"""
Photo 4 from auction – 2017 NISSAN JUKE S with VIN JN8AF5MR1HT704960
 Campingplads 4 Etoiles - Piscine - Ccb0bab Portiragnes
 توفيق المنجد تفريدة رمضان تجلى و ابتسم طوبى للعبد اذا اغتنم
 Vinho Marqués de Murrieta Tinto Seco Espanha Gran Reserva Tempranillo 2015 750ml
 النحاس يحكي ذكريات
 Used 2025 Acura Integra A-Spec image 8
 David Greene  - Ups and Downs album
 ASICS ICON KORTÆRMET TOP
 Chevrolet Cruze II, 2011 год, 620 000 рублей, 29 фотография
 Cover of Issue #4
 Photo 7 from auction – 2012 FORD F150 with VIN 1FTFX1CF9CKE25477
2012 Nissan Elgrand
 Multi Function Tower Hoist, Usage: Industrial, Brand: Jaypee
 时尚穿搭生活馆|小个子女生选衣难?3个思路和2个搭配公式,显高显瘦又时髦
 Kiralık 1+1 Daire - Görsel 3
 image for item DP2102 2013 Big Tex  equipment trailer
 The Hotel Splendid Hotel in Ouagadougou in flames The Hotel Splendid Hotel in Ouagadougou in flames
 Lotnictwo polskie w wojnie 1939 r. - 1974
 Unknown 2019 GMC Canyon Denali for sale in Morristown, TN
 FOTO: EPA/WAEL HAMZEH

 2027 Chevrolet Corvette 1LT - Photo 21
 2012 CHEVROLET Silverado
"""
Give back the entries above exactly as they are, from their first line through the line that contains "Kiralık 1+1 Daire - Görsel 3", both included, with nothing else.

Photo 4 from auction – 2017 NISSAN JUKE S with VIN JN8AF5MR1HT704960
 Campingplads 4 Etoiles - Piscine - Ccb0bab Portiragnes
 توفيق المنجد تفريدة رمضان تجلى و ابتسم طوبى للعبد اذا اغتنم
 Vinho Marqués de Murrieta Tinto Seco Espanha Gran Reserva Tempranillo 2015 750ml
 النحاس يحكي ذكريات
 Used 2025 Acura Integra A-Spec image 8
 David Greene  - Ups and Downs album
 ASICS ICON KORTÆRMET TOP
 Chevrolet Cruze II, 2011 год, 620 000 рублей, 29 фотография
 Cover of Issue #4
 Photo 7 from auction – 2012 FORD F150 with VIN 1FTFX1CF9CKE25477
2012 Nissan Elgrand
 Multi Function Tower Hoist, Usage: Industrial, Brand: Jaypee
 时尚穿搭生活馆|小个子女生选衣难?3个思路和2个搭配公式,显高显瘦又时髦
 Kiralık 1+1 Daire - Görsel 3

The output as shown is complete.